Cactus Mechanisms: Optimal Differential Privacy Mechanisms in the Large-Composition Regime
This work addresses a foundational challenge in privacy-preserving data analysis for large-scale applications, offering a novel approach to improve efficiency in differential privacy.
The paper tackles the problem of designing optimal differential privacy mechanisms for many repeated applications, showing that additive mechanisms minimize the Kullback-Leibler divergence between output distributions under a noise cost constraint, and that their proposed 'cactus mechanism' outperforms the Gaussian mechanism, especially for quadratic cost.

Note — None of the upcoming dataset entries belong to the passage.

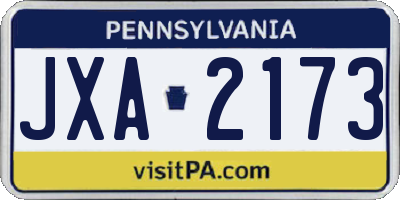 PA license plate JXA2173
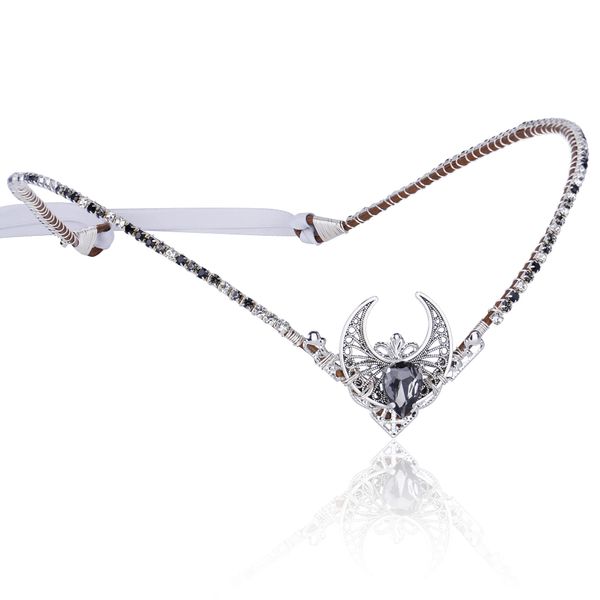 MOSTORY Handmade Silver Crystal Headpiece V-shape Fairy Crown Headband Elven Princess Tiara Black Gem Circlet for Wedding Bridal Maternity Shoot Ren Fair Fae Ball Cosplay Costume Accessory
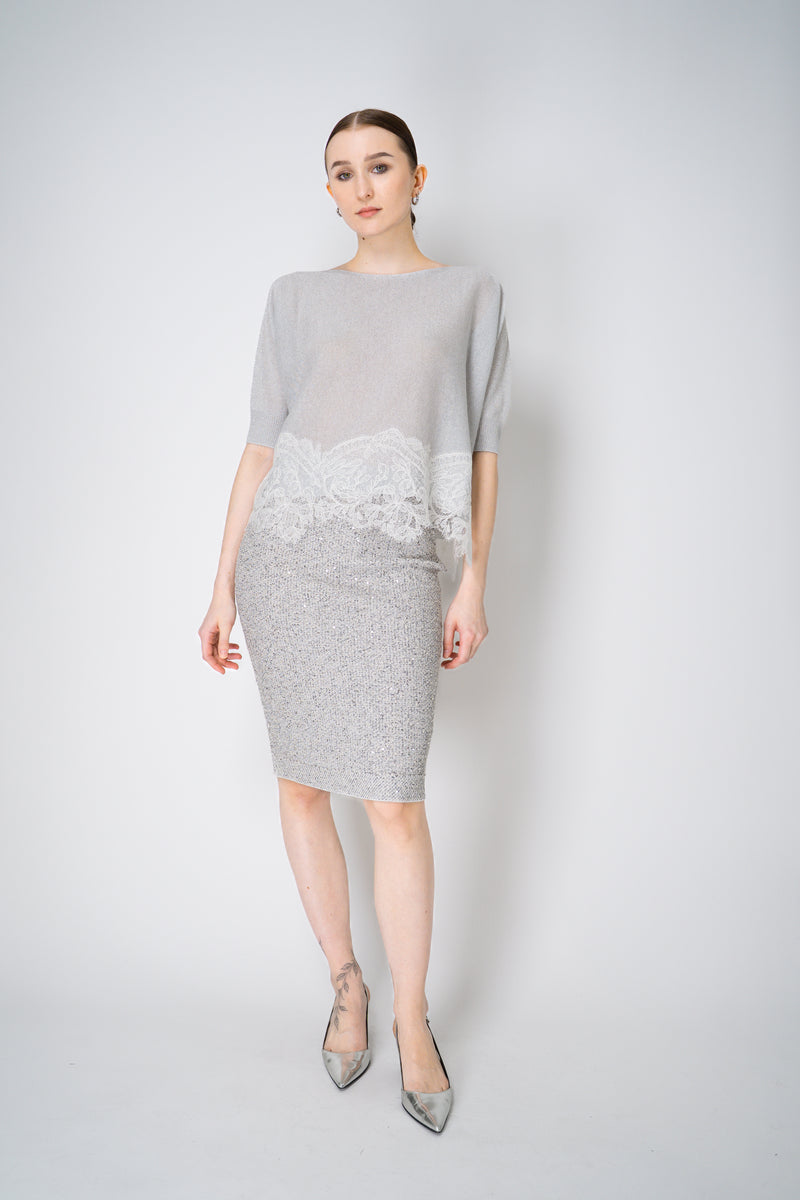 D. Exterior Sleeveless Knit Sparkle Lace Poncho in Silver Vancouver. Shop Online or in Store.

Most differential privacy mechanisms are applied (i.e., composed) numerous times on sensitive data. We study the design of optimal differential privacy mechanisms in the limit of a large number of compositions. As a consequence of the law of large numbers, in this regime the best privacy mechanism is the one that minimizes the Kullback-Leibler divergence between the conditional output distributions of the mechanism given two different inputs. We formulate an optimization problem to minimize this divergence subject to a cost constraint on the noise. We first prove that additive mechanisms are optimal. Since the optimization problem is infinite dimensional, it cannot be solved directly; nevertheless, we quantize the problem to derive near-optimal additive mechanisms that we call "cactus mechanisms" due to their shape. We show that our quantization approach can be arbitrarily close to an optimal mechanism. Surprisingly, for quadratic cost, the Gaussian mechanism is strictly sub-optimal compared to this cactus mechanism. Finally, we provide numerical results which indicate that cactus mechanism outperforms the Gaussian mechanism for a finite number of compositions.